We’ve read a lot about the “Big Four” over the off-season. In recent years four teams have dominated the Premier League; Manchester United, Liverpool, Arsenal and Chelsea. No other team has sampled the rarefied atmosphere of the top four of the Premier League since Everton in 2005.

And what happened in 2004? It was business as usual, the same four clubs occupying the top four positions.

Dig a bit deeper and this tail of domination does not change much. Chelsea and Liverpool have both been in the top four seven times in the last decade. Arsenal and Manchester United have achieved perfect records, ten from ten.

These statistics don’t leave very much room for anybody else. Who else has made it?

Everton, as mentioned above, just the once.

Newcastle, though it’s hard to believe it given the dire state to which they have descended in recent times, did it twice under the shrewd tutelage of their then septuagenarian manager, Sir Bobby Robson.

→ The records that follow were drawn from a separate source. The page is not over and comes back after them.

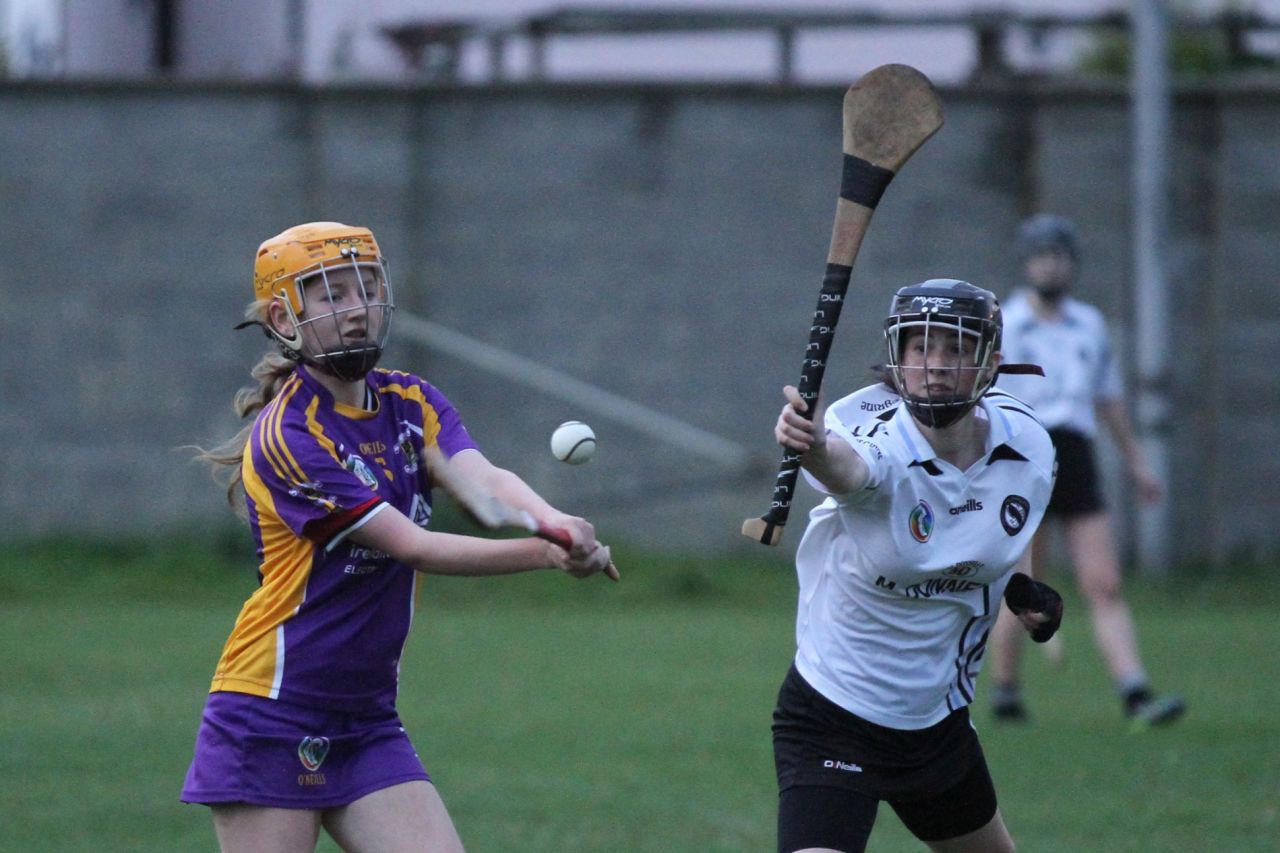 Camogie U18 Championship Division 4 vs Naomh Peregrine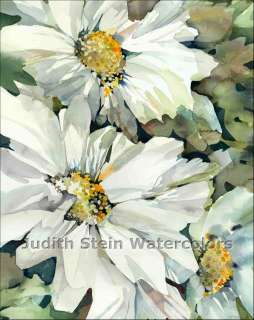 DAISY FLOWER GARDEN PATIO POTS 8 x10 Giclee Watercolor Signed Print 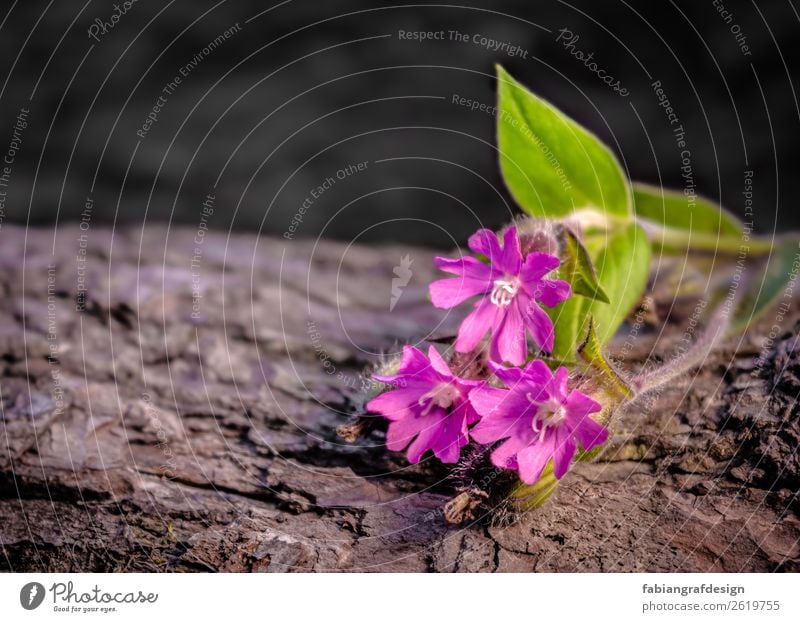 Pink & Green Nature Plant Spring Summer Flower Leaf Blossom Foliage plant Garden Park Meadow Forest Emotions Moody Joy Happy Happiness Contentment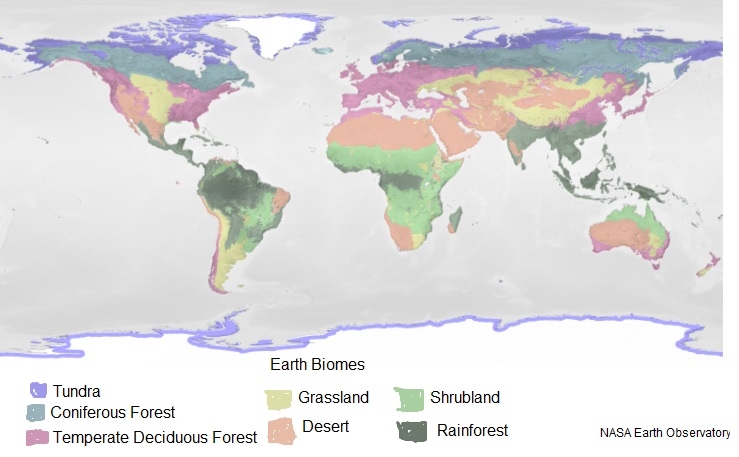 World Biomes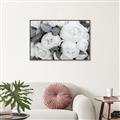 Picture of White Blooms _GroupedProduct_Rectangle_Landscape_Photography _GroupedProduct_Rectangle_Landscape_Canvas_Framed_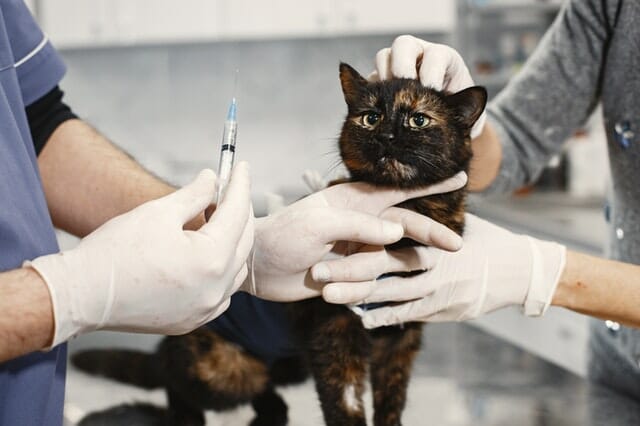 Il parere professionale…di un veterinario omeopatico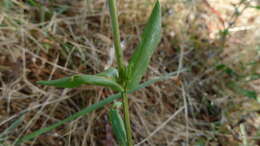 Image of slender centaury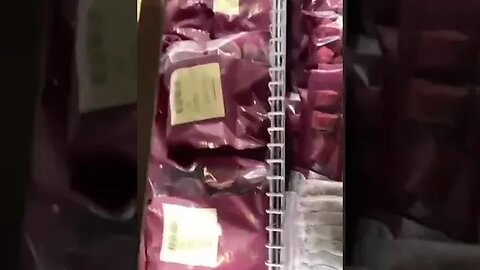 Ratos congelados já estão à venda na Europa. O preço é de 31,50 euros por 25 peças #shorts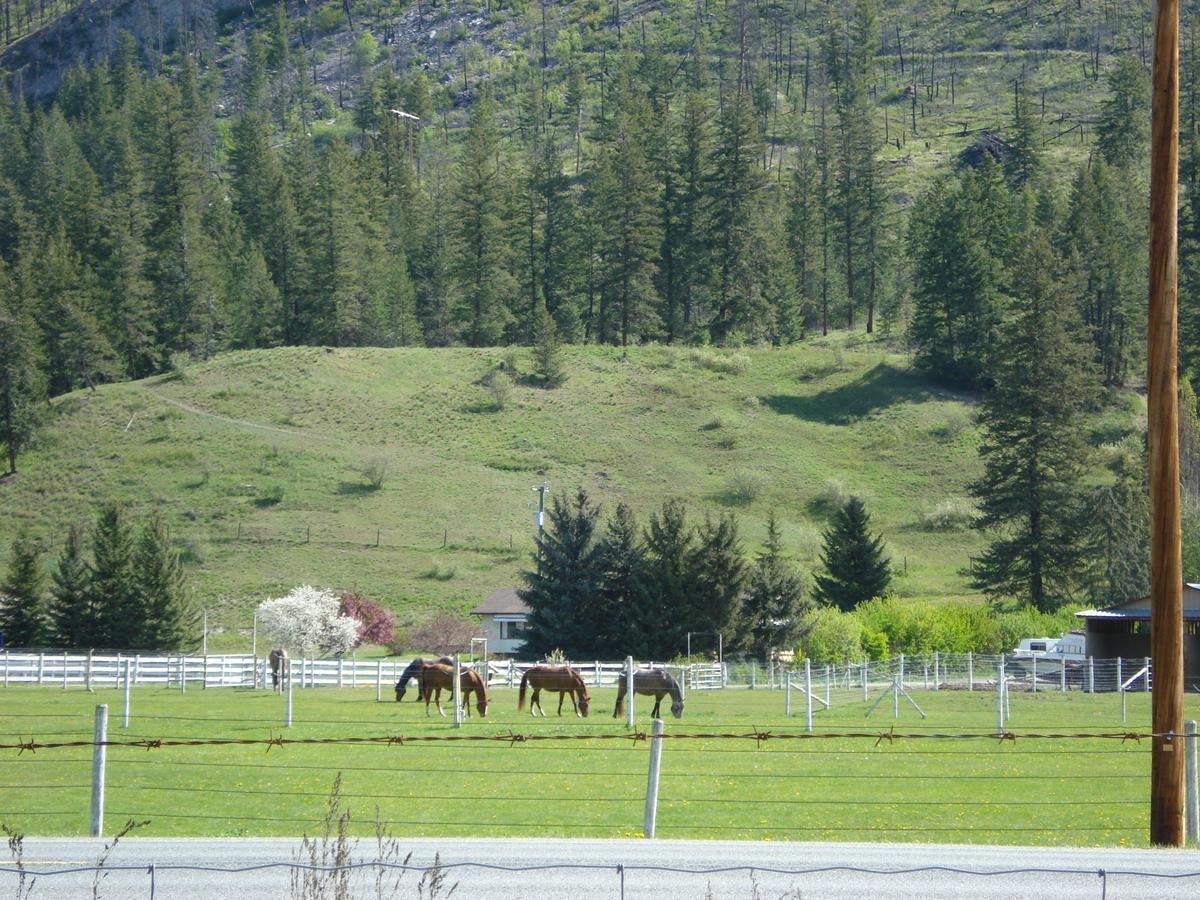 Mountain Springs Motel & Rv Park Barriere Exterior photo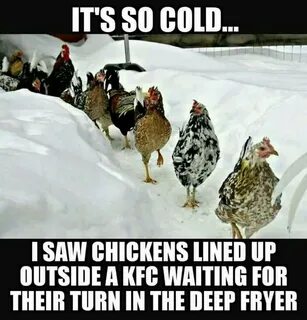 It's so cold, I saw chickens outside a KFC waiting for their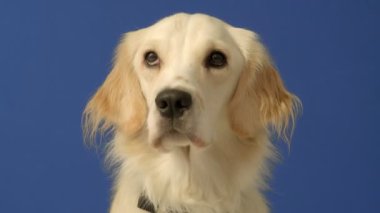Mavi arka planda oturan neşeli bir dişi Golden Retriever ara sıra kameraya meraklı ve mutlu bir ifadeyle bakıyor.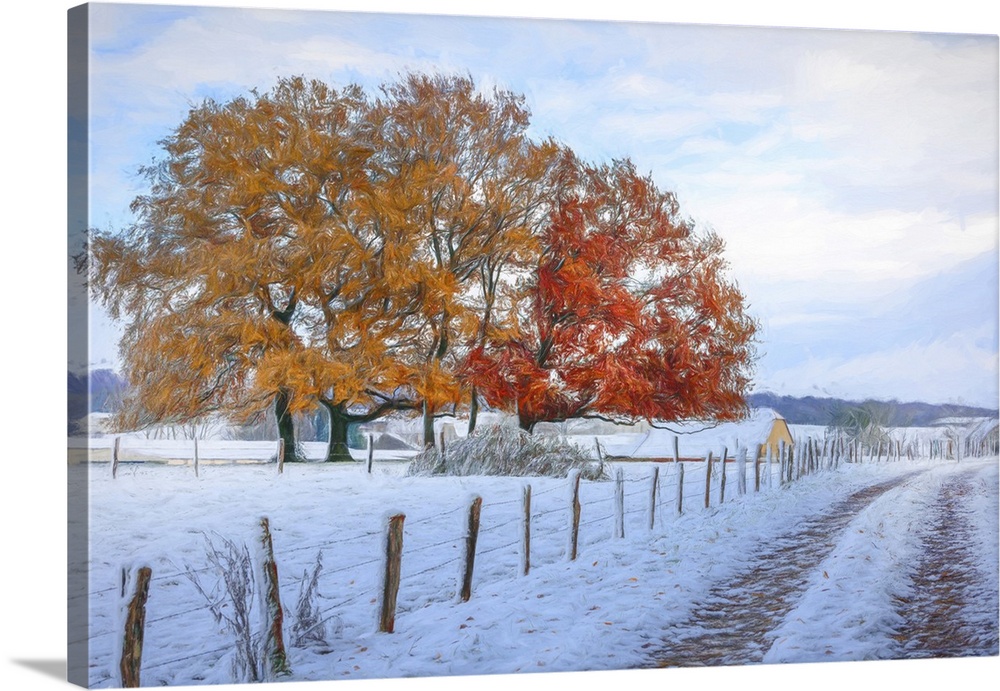 Golden and red autumn leaves adorn the trees, standing in stark contrast to the freshly fallen snow that covers the ground...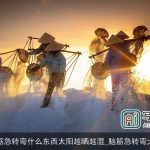 脑筋急转弯什么东西太阳越晒越湿_脑筋急转弯大全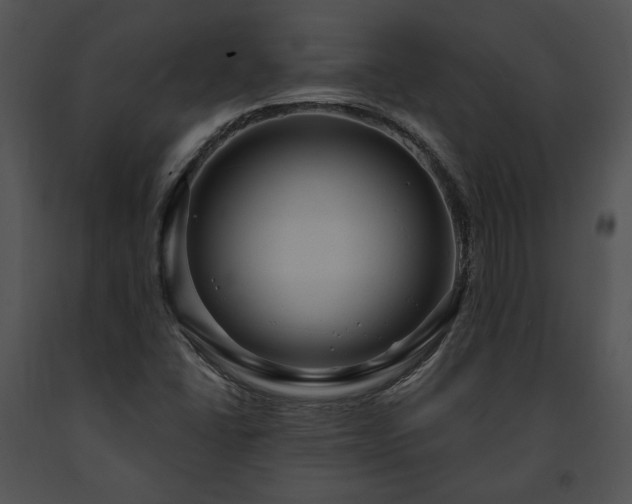 X0000091641406200708301349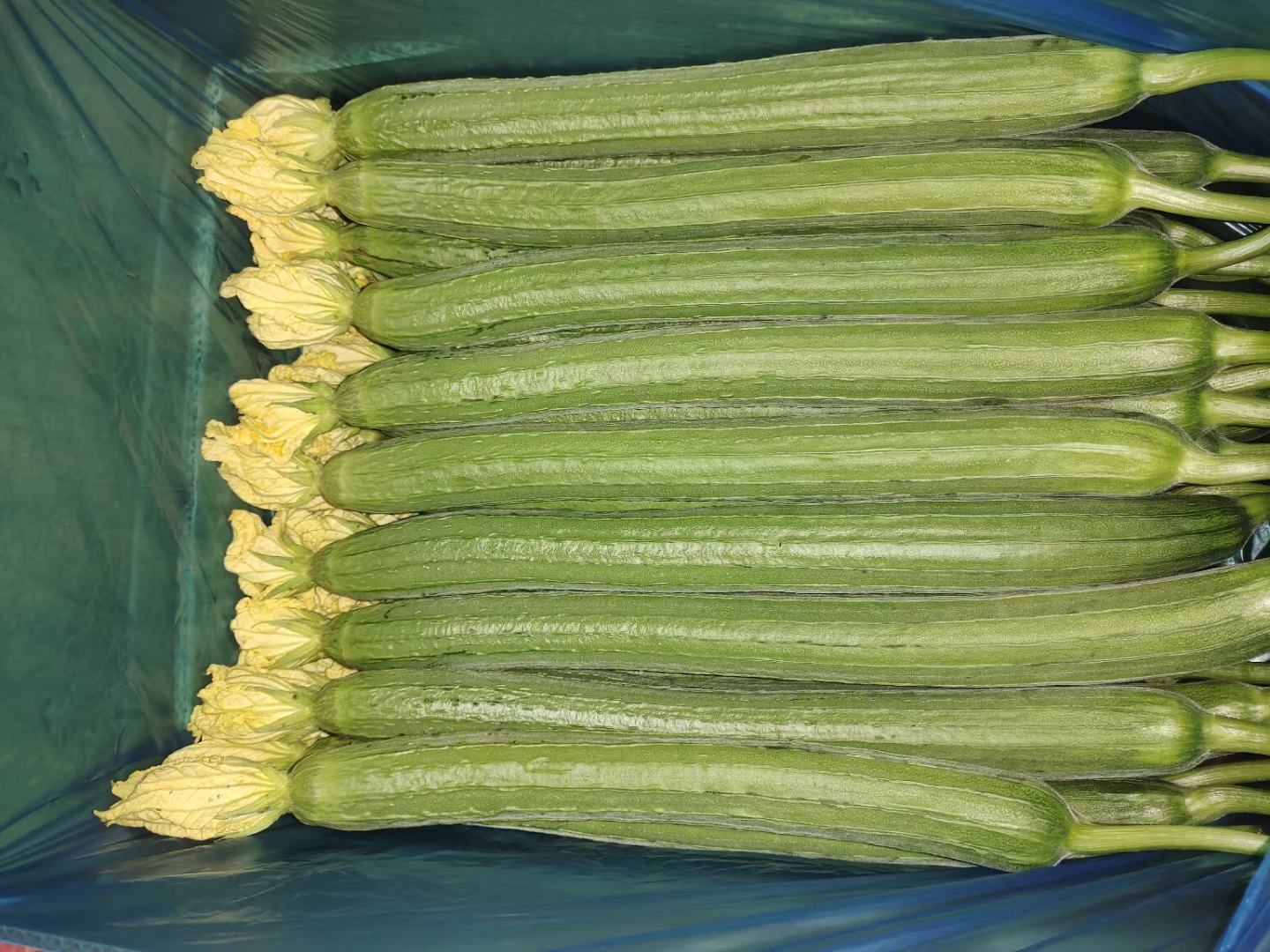 丝瓜切片展示其内部结构与水分含量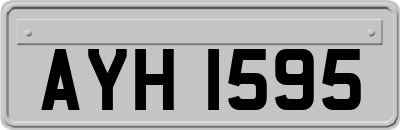 AYH1595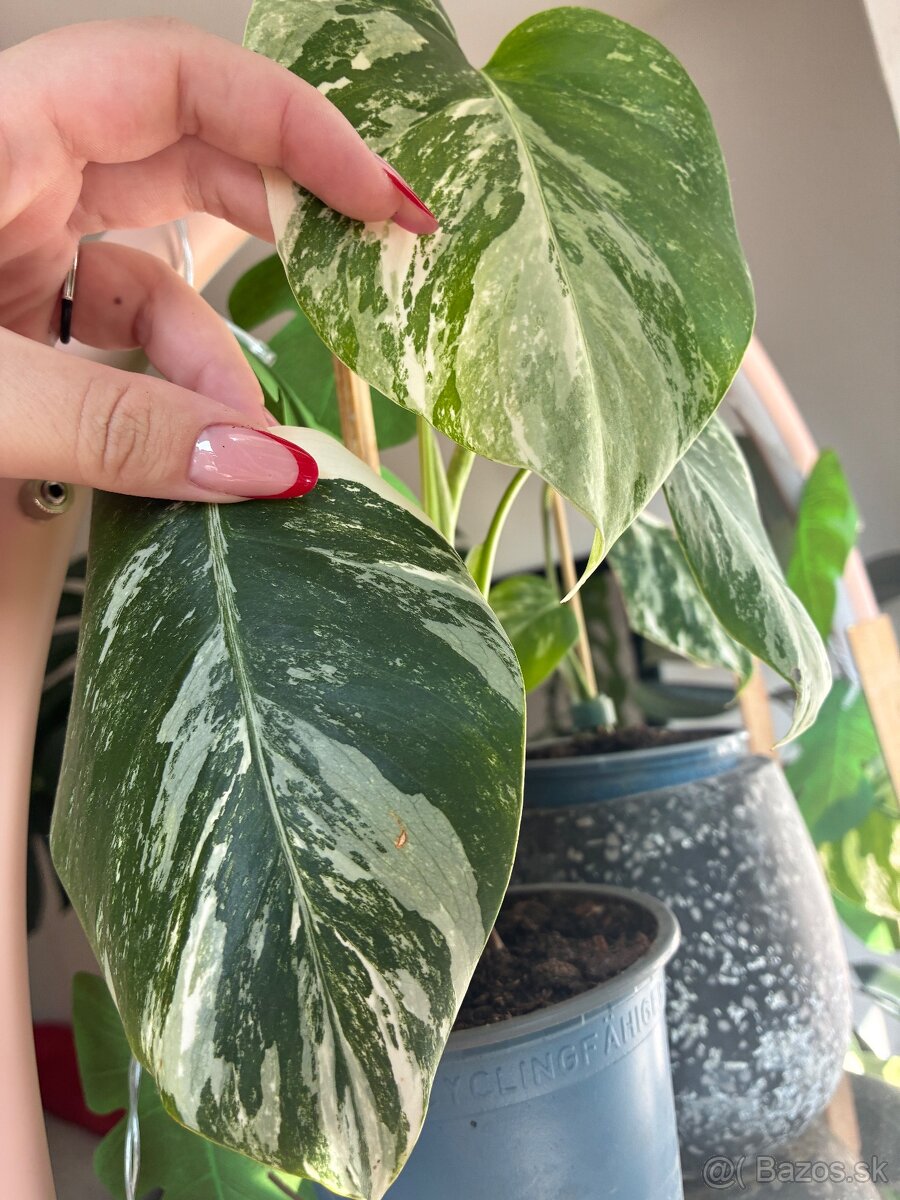 Monstera Albo Deliciosa - 2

Leeds United did it regularly in the late nineties and early part of this decade, inspired by money that never existed. These days there are languishing in League One. Unsurprisingly, none of the stars of those days are still doing their thing at Elland Road. It’s almost strange to remember the days of Robby Keane, Robby Fowler, Harry Kewell, Mark Viduka, Lee Bowyer, Alan Smith, Jimmy-Floyd Hasselbaink, Rio Ferdinand and Ian Harte. When the money left, so did they.

But was it ever any different? Are we viewing the past through rose coloured glasses?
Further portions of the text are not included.